**The problem:** Every line between the one containing "Anno AI Robot" and the last line of the data, both included, is to be set down exactly, and pictures are to be omitted.

=== Section Start ===

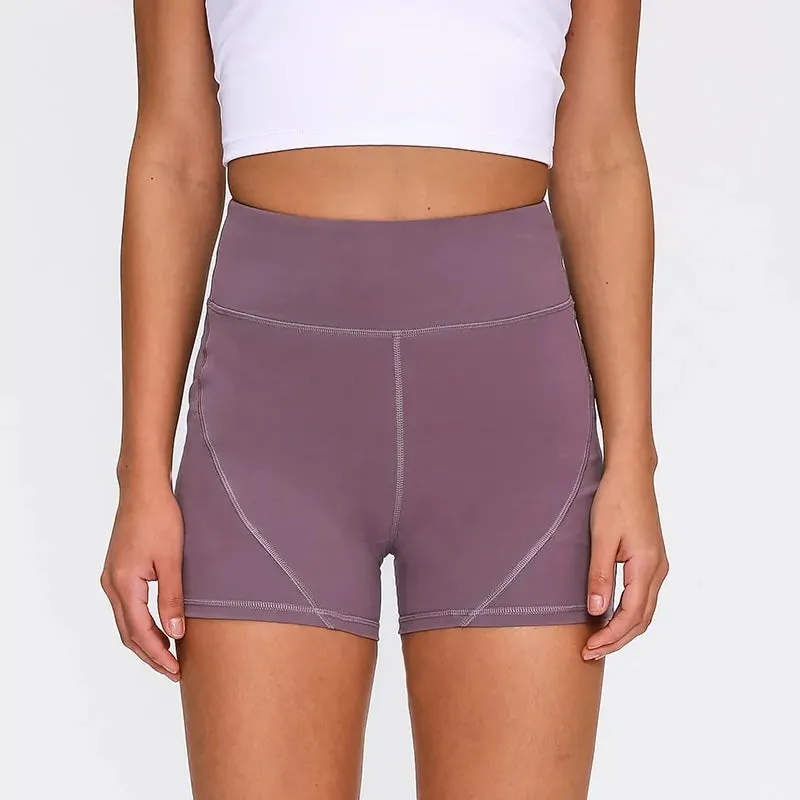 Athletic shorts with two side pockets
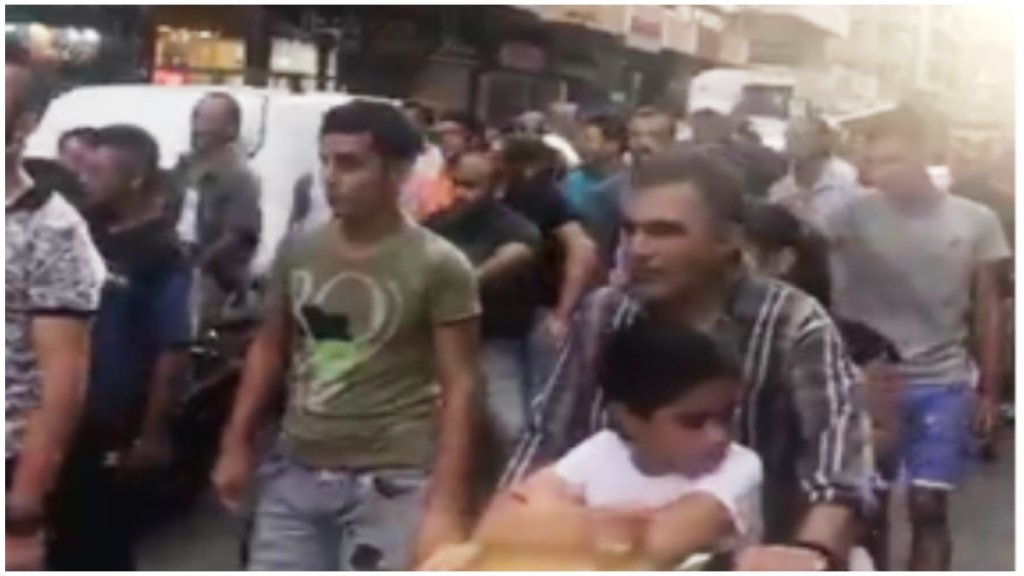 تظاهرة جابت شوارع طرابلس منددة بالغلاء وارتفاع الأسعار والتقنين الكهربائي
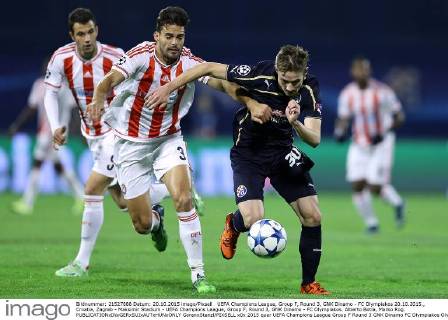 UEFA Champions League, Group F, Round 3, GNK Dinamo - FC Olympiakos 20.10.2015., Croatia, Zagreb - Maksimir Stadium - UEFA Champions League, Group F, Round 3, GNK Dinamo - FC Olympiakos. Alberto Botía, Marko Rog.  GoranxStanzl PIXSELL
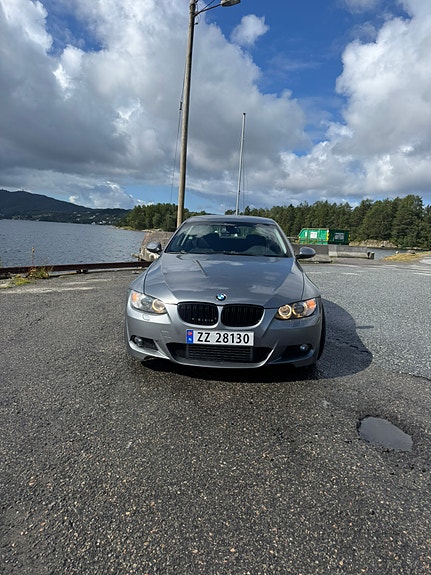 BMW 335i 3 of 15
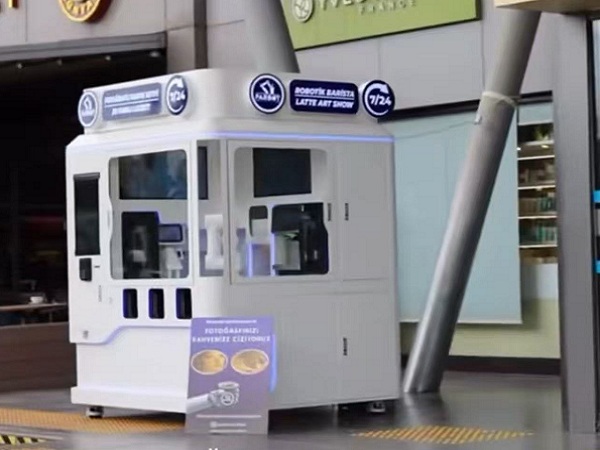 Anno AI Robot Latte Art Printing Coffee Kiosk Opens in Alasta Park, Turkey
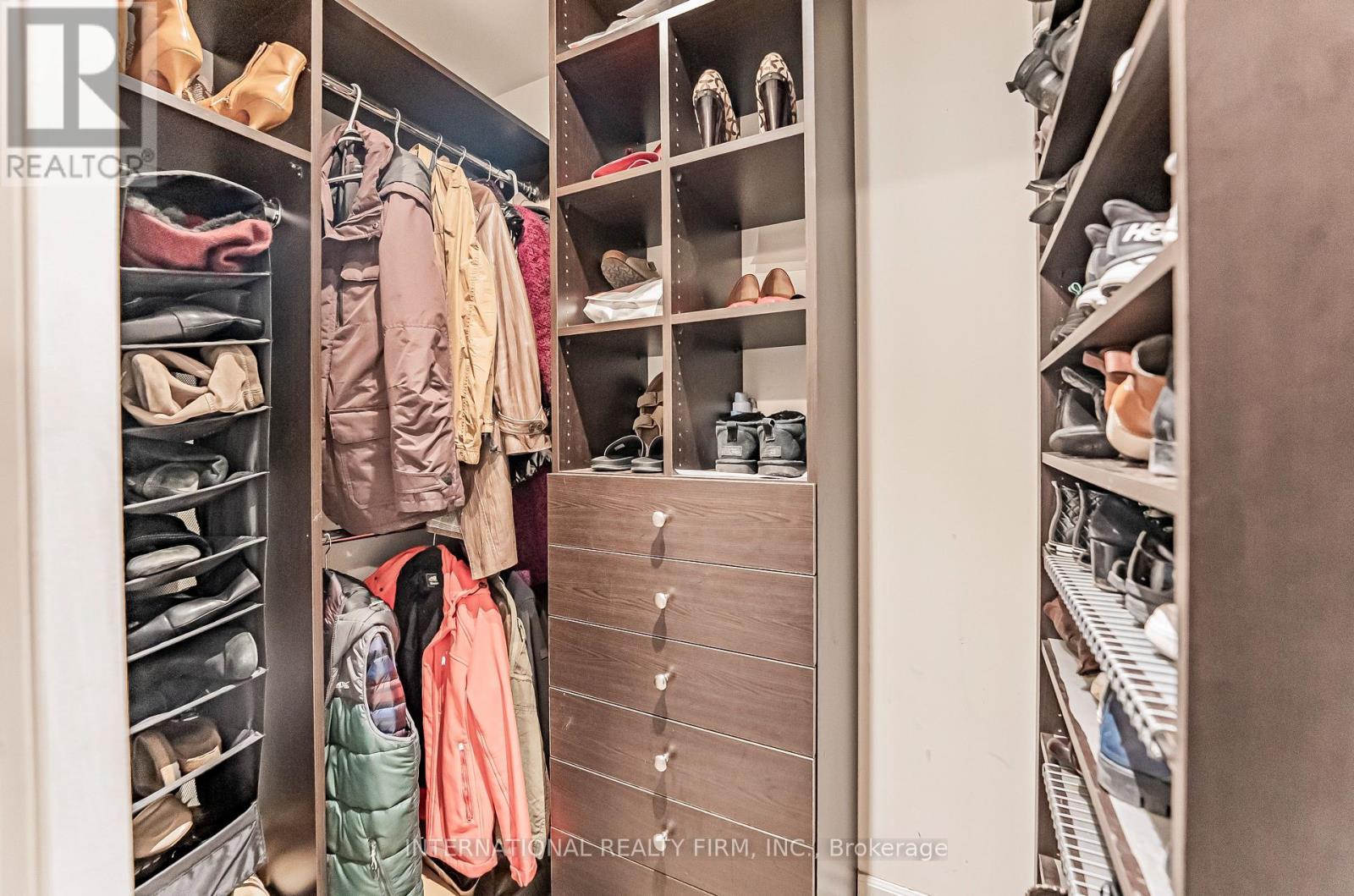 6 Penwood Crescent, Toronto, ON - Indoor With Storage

=== Section End ===

**Output:**
 Anno AI Robot Latte Art Printing Coffee Kiosk Opens in Alasta Park, Turkey
 6 Penwood Crescent, Toronto, ON - Indoor With Storage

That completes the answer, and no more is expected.